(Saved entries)
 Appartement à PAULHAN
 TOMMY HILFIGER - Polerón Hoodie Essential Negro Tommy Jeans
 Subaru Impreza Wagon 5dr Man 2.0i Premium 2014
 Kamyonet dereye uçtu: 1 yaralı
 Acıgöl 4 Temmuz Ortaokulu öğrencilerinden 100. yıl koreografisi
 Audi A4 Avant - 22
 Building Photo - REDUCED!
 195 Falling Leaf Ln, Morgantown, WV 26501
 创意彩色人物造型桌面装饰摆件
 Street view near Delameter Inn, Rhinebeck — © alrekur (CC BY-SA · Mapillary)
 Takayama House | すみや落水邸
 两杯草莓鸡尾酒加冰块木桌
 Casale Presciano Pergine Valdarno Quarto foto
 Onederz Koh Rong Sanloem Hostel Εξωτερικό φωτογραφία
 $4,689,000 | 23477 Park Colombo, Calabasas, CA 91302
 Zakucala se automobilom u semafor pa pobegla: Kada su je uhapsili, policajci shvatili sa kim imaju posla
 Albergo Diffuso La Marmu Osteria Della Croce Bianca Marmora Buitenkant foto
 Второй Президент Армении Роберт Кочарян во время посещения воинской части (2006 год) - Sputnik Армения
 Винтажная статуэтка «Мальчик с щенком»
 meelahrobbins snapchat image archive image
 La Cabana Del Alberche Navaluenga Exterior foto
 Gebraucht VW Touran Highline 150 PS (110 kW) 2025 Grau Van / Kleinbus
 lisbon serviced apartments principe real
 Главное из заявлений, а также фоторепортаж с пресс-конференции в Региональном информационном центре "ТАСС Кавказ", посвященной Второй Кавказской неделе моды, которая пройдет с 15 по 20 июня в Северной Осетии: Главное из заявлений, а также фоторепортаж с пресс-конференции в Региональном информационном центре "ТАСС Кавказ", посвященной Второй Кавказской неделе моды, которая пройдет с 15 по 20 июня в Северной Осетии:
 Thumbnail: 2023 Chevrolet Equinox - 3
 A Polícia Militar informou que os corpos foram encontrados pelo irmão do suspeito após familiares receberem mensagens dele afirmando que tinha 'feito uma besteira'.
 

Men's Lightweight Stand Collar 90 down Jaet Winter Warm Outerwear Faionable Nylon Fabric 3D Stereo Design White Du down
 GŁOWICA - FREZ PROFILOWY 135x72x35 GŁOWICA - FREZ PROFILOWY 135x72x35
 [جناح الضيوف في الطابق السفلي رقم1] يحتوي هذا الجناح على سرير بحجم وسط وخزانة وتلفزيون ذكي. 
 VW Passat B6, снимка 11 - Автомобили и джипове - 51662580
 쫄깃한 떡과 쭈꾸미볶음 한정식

▶ What you are asked to do:
The answer is the line with "GŁOWICA - FREZ PROFILOWY 135x72x35 GŁOWICA" plus every line after it, printed exactly as they appear above.

▶ Response for this exercise:
 GŁOWICA - FREZ PROFILOWY 135x72x35 GŁOWICA - FREZ PROFILOWY 135x72x35
 [جناح الضيوف في الطابق السفلي رقم1] يحتوي هذا الجناح على سرير بحجم وسط وخزانة وتلفزيون ذكي. 
 VW Passat B6, снимка 11 - Автомобили и джипове - 51662580
 쫄깃한 떡과 쭈꾸미볶음 한정식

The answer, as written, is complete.